Stored data entries
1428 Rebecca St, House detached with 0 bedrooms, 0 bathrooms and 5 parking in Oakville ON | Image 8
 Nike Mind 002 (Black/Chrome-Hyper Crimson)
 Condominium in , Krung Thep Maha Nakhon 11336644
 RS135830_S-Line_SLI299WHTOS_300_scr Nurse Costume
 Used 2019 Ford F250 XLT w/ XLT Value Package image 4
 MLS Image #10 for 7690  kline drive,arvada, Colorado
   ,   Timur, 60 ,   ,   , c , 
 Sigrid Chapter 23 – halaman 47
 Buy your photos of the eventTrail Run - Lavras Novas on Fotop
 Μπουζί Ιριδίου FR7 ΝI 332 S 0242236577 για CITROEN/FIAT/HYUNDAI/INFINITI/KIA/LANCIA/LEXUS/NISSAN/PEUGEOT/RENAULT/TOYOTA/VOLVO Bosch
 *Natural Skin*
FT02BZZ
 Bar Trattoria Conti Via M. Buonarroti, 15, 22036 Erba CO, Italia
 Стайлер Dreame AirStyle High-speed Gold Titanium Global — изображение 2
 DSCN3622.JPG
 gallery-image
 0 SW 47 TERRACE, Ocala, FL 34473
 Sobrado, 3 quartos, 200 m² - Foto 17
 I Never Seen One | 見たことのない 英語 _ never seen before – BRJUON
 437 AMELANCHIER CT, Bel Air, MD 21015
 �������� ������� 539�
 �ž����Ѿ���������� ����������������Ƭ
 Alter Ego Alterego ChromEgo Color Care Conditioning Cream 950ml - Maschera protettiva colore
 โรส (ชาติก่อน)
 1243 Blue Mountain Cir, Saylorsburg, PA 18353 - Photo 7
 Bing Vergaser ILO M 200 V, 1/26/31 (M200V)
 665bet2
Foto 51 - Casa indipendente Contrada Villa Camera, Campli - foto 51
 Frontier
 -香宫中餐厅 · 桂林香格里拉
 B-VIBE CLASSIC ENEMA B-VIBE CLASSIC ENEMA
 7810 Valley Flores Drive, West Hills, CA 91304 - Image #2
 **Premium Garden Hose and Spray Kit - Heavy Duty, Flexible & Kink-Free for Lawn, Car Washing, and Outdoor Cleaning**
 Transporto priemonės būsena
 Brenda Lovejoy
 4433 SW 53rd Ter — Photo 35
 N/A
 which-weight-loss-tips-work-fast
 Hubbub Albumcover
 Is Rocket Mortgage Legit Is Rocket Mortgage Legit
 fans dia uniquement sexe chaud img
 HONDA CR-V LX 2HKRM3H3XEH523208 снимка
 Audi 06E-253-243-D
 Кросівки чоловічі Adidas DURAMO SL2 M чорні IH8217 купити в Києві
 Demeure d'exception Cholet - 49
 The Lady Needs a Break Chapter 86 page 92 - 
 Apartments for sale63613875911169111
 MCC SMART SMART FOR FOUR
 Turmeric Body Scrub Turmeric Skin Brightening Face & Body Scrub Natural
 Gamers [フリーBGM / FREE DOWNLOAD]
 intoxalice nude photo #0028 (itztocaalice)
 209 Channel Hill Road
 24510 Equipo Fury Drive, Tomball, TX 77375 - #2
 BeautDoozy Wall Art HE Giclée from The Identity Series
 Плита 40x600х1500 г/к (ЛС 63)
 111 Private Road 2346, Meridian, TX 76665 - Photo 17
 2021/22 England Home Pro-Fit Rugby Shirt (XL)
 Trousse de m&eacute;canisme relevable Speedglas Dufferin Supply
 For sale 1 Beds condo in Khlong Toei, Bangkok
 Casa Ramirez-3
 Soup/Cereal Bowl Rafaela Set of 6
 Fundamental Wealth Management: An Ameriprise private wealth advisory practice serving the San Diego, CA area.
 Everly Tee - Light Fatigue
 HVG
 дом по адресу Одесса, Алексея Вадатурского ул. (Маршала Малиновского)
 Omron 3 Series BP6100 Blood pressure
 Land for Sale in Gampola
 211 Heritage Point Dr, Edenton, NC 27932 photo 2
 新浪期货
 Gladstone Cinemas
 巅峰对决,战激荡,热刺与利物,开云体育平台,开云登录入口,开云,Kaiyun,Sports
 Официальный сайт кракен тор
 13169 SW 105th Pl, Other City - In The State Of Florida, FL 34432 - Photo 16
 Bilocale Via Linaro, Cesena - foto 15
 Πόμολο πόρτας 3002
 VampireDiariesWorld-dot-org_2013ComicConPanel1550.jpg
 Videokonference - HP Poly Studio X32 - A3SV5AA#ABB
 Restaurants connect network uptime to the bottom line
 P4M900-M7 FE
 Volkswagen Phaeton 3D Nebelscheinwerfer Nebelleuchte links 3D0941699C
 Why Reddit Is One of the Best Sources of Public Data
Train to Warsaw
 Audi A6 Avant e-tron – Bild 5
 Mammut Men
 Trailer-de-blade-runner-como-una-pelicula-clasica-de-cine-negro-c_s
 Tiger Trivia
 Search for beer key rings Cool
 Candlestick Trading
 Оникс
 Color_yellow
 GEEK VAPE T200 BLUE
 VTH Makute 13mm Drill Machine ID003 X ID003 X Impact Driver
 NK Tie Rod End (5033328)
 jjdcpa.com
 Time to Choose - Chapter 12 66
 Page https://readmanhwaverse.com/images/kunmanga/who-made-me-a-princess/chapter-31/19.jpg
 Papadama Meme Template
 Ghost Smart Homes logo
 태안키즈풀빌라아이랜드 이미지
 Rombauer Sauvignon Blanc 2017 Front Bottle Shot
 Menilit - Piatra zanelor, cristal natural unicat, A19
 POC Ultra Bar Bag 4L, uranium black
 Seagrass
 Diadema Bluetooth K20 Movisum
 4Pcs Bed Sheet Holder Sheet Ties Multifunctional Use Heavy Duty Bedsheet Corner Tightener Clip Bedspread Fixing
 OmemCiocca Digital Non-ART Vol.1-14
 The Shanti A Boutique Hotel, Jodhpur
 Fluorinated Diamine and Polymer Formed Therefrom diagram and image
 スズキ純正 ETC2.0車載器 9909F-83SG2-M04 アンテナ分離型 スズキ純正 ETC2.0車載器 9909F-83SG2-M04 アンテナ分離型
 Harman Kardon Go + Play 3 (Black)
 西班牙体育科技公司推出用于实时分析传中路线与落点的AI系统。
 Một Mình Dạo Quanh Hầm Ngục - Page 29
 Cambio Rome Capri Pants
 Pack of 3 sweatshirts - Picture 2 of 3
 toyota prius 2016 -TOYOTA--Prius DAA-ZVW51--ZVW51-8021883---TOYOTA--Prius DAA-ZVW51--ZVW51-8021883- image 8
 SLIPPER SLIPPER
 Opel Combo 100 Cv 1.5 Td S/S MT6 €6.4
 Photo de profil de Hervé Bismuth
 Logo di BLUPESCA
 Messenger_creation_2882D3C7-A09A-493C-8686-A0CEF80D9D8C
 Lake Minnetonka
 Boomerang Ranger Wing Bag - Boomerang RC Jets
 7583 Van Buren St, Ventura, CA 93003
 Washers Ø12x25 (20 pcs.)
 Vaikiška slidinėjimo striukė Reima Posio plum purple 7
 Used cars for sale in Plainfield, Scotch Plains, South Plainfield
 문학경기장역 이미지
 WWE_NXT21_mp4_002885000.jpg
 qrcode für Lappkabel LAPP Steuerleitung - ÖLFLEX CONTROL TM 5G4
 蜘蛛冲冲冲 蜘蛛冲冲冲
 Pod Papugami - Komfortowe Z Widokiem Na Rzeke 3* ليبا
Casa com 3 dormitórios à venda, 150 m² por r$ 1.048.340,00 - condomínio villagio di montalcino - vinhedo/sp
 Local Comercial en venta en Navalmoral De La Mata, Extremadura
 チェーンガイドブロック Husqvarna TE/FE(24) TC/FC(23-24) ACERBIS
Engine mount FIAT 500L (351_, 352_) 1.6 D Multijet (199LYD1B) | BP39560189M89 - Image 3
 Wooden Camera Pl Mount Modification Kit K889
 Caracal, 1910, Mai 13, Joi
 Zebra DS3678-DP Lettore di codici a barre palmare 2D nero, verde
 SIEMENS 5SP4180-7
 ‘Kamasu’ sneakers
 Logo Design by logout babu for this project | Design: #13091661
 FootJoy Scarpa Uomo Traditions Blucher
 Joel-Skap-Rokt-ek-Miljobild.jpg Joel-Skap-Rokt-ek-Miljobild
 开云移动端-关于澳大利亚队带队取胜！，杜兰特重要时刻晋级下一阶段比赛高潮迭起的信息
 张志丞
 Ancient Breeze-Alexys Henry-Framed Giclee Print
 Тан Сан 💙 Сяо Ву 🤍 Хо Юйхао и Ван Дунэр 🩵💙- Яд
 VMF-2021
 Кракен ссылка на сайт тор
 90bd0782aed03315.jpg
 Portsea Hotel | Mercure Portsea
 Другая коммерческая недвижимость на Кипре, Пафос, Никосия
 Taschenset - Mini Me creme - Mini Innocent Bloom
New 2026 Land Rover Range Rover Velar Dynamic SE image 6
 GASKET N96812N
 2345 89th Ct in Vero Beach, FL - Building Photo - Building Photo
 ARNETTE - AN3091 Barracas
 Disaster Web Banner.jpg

- [TO DO] Extract every line of the records above that contains the word "сайт".

- [WRITTEN RESPONSE]
 Официальный сайт кракен тор
 Кракен ссылка на сайт тор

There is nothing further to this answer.